### EXERCISE
Going from the top of the data below, give again each line through the one containing "B&B HOTEL Lille", both ends kept.

### RECORDS PROVIDED
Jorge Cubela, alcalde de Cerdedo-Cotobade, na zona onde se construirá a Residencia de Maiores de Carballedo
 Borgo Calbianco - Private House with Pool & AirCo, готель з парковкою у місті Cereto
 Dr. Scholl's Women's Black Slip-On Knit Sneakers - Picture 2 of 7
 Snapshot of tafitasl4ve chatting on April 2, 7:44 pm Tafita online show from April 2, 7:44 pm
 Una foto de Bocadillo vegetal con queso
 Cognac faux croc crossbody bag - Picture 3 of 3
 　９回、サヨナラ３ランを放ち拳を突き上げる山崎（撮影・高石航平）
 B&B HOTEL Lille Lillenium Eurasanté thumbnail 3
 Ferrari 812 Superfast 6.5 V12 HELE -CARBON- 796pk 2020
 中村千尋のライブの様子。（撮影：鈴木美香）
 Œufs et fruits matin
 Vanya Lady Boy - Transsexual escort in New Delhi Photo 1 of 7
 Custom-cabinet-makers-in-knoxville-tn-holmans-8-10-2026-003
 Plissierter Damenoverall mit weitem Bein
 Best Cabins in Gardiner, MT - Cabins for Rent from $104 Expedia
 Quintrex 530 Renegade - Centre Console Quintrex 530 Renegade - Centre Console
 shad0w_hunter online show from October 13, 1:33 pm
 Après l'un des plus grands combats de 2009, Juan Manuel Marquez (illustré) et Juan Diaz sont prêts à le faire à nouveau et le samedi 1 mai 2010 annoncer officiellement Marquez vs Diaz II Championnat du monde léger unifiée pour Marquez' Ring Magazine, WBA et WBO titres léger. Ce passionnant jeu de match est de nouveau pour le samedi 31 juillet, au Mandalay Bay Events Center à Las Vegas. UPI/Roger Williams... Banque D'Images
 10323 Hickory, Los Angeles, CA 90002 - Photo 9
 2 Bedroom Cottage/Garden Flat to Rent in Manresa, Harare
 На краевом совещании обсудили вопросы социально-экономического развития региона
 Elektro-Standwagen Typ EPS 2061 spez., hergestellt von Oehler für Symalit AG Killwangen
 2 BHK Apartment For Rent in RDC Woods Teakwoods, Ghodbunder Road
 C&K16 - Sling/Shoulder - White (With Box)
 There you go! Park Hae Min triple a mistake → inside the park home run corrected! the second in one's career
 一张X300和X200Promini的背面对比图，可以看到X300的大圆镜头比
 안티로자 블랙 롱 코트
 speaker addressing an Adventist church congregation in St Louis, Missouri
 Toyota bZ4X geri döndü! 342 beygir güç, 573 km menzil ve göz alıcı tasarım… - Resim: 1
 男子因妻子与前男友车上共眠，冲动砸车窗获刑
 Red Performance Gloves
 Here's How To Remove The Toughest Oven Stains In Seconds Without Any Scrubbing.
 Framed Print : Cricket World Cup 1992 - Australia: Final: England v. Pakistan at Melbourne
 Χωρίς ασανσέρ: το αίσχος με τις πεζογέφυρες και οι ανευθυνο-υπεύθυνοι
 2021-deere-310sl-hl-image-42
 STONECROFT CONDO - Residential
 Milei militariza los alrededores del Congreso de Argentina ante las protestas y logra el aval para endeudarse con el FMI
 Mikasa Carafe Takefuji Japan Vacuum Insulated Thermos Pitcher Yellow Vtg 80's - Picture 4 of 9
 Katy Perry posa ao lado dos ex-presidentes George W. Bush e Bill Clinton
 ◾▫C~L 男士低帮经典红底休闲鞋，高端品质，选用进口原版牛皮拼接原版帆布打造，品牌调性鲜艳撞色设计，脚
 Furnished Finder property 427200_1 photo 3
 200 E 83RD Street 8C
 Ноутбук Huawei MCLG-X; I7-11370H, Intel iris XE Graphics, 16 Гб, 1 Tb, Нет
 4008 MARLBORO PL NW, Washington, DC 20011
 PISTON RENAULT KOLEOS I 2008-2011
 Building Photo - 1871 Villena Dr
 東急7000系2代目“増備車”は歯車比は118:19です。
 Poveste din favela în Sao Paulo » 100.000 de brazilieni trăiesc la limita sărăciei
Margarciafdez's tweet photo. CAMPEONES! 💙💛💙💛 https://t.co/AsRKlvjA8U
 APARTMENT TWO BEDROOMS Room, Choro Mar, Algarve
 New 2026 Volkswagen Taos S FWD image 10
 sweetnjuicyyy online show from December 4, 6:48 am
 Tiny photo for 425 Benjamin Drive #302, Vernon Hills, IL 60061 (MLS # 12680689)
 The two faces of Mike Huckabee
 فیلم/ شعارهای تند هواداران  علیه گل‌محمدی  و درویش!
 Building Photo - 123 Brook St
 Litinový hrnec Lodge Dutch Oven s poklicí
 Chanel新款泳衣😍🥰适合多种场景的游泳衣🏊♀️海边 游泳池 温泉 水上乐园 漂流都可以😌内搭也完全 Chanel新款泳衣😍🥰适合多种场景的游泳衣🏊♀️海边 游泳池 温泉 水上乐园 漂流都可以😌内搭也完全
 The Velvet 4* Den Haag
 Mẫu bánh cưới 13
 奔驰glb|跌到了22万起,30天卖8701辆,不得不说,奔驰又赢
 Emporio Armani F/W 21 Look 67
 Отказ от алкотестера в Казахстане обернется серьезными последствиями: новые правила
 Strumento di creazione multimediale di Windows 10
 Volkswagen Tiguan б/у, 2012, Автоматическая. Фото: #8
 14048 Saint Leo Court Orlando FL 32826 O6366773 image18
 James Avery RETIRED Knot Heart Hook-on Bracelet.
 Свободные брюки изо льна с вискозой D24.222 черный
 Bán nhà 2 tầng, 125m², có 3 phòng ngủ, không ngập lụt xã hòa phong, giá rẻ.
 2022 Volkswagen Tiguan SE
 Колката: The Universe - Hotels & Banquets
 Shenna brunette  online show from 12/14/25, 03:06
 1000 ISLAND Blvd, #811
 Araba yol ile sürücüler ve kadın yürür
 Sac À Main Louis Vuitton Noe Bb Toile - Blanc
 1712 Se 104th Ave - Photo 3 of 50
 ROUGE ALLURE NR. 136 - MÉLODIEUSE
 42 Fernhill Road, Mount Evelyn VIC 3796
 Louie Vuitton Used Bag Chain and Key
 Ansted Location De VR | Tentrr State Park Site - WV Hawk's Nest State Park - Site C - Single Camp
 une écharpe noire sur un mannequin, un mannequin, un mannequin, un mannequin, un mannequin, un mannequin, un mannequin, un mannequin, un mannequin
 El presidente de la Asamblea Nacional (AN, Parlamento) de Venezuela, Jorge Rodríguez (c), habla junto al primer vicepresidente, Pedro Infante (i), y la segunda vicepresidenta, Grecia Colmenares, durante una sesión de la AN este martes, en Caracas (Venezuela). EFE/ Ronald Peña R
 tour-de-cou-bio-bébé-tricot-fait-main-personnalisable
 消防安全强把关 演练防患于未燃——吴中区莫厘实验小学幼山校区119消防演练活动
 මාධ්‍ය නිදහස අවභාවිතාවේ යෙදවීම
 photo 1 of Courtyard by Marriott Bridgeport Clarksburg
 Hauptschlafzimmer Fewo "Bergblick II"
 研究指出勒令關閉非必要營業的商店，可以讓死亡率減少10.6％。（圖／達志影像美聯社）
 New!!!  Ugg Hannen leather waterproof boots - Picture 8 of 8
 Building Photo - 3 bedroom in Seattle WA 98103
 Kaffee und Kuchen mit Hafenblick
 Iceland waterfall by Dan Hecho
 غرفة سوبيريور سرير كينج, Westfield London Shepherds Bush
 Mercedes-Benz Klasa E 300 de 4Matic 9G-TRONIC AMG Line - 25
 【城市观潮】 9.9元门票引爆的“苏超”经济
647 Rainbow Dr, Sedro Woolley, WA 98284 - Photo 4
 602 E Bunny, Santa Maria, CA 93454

### RESULT OF THE TASK
Jorge Cubela, alcalde de Cerdedo-Cotobade, na zona onde se construirá a Residencia de Maiores de Carballedo
 Borgo Calbianco - Private House with Pool & AirCo, готель з парковкою у місті Cereto
 Dr. Scholl's Women's Black Slip-On Knit Sneakers - Picture 2 of 7
 Snapshot of tafitasl4ve chatting on April 2, 7:44 pm Tafita online show from April 2, 7:44 pm
 Una foto de Bocadillo vegetal con queso
 Cognac faux croc crossbody bag - Picture 3 of 3
 　９回、サヨナラ３ランを放ち拳を突き上げる山崎（撮影・高石航平）
 B&B HOTEL Lille Lillenium Eurasanté thumbnail 3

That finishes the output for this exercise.